Chilean teacher, lawyer, entrepreneur and politician (1897-1985)

Luis Arturo Gardeweg Villegas (10 November 1897 – 31 August 1985) was a Chilean teacher, lawyer, agricultural entrepreneur, and Conservative Party politician. He served as Deputy for the 7th Departamental Group (Puente Alto) for five consecutive legislative periods between 1933 and 1953.

== Biography ==
Gardeweg Villegas was born in Valparaíso on 10 November 1897, the son of Enrique Gardeweg Werra and Amalia Villegas Villegas.

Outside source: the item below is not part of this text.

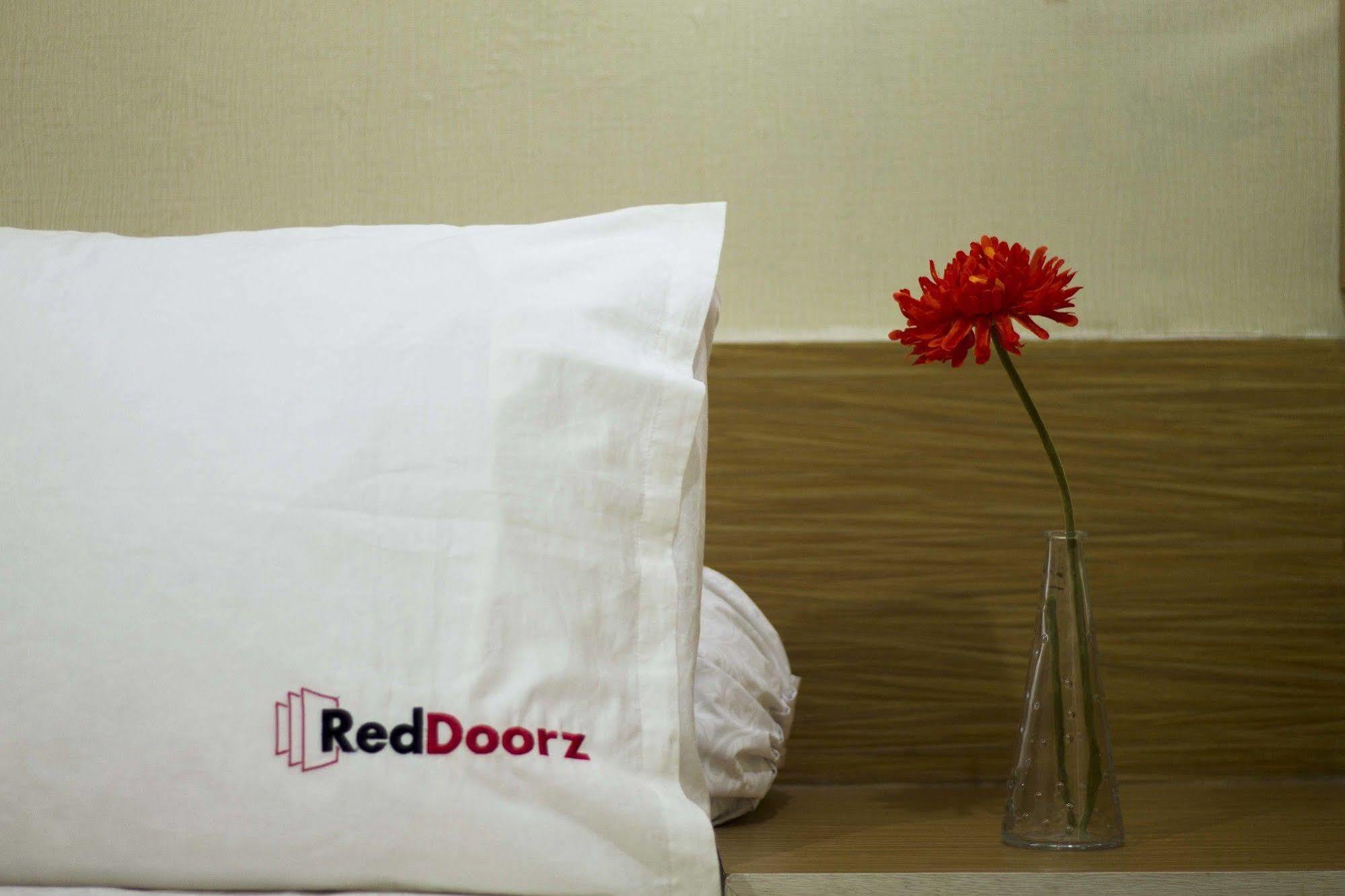 Reddoorz @ Petitenget Street Seminyak  Exterior photo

He studied at the Colegio de los Sagrados Corazones of Valparaíso and later at the Pedagogical Institute of the University of Chile, graduating as Professor of History and Geography in 1919. He also pursued Law at the same university, receiving his degree in 1920 with the thesis “Comisión revisora de poderes: Ley de 8 de febrero de 1906”.

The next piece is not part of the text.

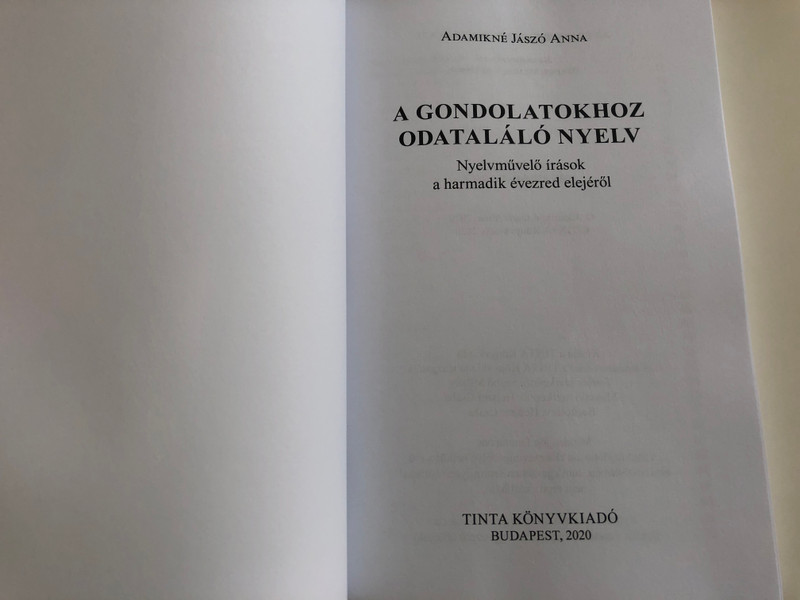 A gondolatokhoz odataláló nyelv by Adamikné Jászó Anna / Nyelvművelő írások a harmadik évezred elejéről / Tinta könyvkiadó 2020 / Paperback / Az Ékesszólás Kiskönyvtára 71. / Hungarian Linguistic writings from the beginning of the third millennium (9789634092513)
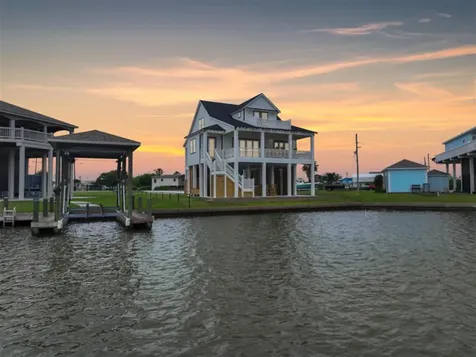 1060 Waterways Drive Crystal Beach TX 77650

He taught History at Liceo “Federico Hanssen” (1918–1920) and served as Rector of its Evening Section (1920–1925). He also taught Civic Education at the Universidad Popular “Juan Enrique Concha”.

He engaged in agricultural activities in the provinces of O’Higgins and Llanquihue and served as president and manager of the agricultural and forestry company Purranque S.A.

He married Carmen Lacourt Melo in 1938; among their children were Germán Gardeweg (Undersecretary of the Interior, 1983) and journalist Carmen Gardeweg.

== Political career ==
A member of the Conservative Party, he served as Councillor (Regidor) of the Municipality of Providencia between 1930 and 1933.

He was elected Deputy for the 7th Departamental Group (3rd Metropolitan District, Puente Alto) for the 1933–1937 legislative period, serving on the Standing Committee on Education.

He was reelected for the 1937–1941 term (Committee on Constitution, Legislation and Justice), and later for the periods 1941–1945, 1945–1949 and 1949–1953, serving on the Committees on Finance, Interior Government, and Constitution, Legislation and Justice.